The \CI{Either} type that we use both in the \CI{State} and in the result of
\CI{eval} implements the \CI{Monad} class. Monads provide an convenient way to
simulate effects found in other language, as has been argued by \cite{monads}.
In this case, we want to simulate exception handling: the evaluation of an
arithmetic may fail, for example in the case of an undefined variable or when
we try to divide by zero. These errors may occur in different places: the first
occurs in the \CI{State} function, while the latter will occur in the \CI{eval}
implementation of \CI{AExpr}. Using monads, we can easily pass through errors.
An example will clarify:

\lstinputlisting[firstline=40,lastline=52]{While/WhileCommon.icl}

Recall that the second argument to \CI{eval}, here \CI{st}, is of type
\CI{State}. That is, it is a function that yields an \CI{Either Error Int}. In
the first alternative of \CI{eval}, for variables, we implicitly use this: if
looking up the variable in the state fails, a \CI{Left Error} will be returned.

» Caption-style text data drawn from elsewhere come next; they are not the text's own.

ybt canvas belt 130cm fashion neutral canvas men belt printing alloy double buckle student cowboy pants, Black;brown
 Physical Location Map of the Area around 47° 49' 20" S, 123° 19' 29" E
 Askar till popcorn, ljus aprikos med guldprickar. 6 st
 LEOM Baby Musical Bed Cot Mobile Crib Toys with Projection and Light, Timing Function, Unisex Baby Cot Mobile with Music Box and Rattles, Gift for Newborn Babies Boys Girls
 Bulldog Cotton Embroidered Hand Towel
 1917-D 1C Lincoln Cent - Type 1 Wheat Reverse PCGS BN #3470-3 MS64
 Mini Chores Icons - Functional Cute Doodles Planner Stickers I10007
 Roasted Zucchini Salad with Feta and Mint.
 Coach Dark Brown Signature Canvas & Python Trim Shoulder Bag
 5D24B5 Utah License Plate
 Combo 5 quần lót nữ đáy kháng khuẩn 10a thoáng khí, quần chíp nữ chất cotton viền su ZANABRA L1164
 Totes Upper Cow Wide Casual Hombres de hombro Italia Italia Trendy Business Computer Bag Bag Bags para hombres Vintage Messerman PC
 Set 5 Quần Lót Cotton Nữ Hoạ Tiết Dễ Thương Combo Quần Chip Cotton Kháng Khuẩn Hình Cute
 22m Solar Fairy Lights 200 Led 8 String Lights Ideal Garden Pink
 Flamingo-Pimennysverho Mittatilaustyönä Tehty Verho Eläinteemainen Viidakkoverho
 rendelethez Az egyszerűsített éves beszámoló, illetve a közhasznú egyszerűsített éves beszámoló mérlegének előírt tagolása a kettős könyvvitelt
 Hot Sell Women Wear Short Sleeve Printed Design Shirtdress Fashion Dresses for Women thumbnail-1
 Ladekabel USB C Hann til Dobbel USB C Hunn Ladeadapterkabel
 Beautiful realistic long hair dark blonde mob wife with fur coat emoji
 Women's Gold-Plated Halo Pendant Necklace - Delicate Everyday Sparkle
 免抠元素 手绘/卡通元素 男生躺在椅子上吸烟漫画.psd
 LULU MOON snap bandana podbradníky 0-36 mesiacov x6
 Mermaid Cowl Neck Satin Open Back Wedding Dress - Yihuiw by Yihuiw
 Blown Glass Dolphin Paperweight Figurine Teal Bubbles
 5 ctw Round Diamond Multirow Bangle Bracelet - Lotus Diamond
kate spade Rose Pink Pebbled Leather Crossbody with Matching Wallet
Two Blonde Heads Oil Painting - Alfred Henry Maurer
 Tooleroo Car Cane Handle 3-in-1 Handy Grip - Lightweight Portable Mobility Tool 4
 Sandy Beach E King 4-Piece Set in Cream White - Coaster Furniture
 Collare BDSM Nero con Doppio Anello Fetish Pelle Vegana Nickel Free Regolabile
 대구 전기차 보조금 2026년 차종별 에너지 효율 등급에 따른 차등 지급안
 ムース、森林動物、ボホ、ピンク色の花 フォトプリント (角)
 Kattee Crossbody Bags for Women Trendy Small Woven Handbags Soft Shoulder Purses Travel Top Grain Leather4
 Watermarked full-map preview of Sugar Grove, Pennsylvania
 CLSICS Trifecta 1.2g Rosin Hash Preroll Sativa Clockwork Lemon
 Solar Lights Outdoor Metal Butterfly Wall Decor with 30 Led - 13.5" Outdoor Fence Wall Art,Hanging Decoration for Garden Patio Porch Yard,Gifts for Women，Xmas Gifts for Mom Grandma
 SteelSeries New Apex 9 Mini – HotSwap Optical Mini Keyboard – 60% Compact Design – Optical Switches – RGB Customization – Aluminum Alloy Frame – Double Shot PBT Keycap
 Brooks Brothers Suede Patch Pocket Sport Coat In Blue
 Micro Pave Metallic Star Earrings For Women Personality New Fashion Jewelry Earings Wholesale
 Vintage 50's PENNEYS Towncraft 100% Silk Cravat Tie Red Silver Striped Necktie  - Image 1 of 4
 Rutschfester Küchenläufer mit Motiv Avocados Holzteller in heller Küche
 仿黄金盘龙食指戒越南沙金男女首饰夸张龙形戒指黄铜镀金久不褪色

The last case is more interesting, however. Here, we use bind (\CI{>>=}) to
simulate exception handling: the two evaluations of \CI{a1} and \CI{a2} may
fail, as may the application of the operator to its two arguments. Even though
we do not know at this point \emph{why} or \emph{where} the evaluation failed,
\CI{>>=} will conveniently pass through any errors.

The abstraction of monad binding allows us to work with data or errors, without
knowing if we still have data to work with. This gives a very basic and
readable evaluator.

\medskip
The \CI{eval} instance for \CI{BExpr} is not very different from the one for
\CI{AExpr} and is omitted here for brevity.

\subsection{Using a lookup table as state}
\label{sec:eval:lookup}
We have defined our \CI{State} as a function. Another solution, that may seem
more straightforward for people coming from the imperative paradigm, would be
to model it as a lookup table:

\begin{lstlisting}
:: State :== [(Var, Int)]
\end{lstlisting}

Though possible, this has several drawbacks. First of all, we would need a
separate function to look up a variable in this store. We could implement that
function as follows:

\begin{lstlisting}
lookup :: Var State -> Either Error Int
lookup _ []   = Left (Runtime "Undefined")
lookup v [(w:i):st]
	| v == w    = pure i
	| otherwise = lookup v st
\end{lstlisting}

We did not get a rid of a function: a lookup table forces us to write an extra
function to look up values. Higher order functions provide a more natural way
to reason about something which, in the end, really is a function. Functional
programming allows us to work intuitively with higher order functions, which
lets us stay closer to the specification.

This brings us at the second drawback. Implementing the state as a lookup table
distances us from the specification, making it more difficult to verify that
the implementation is correct. In a functional style it is trivial to check
that an implementation matches the specification.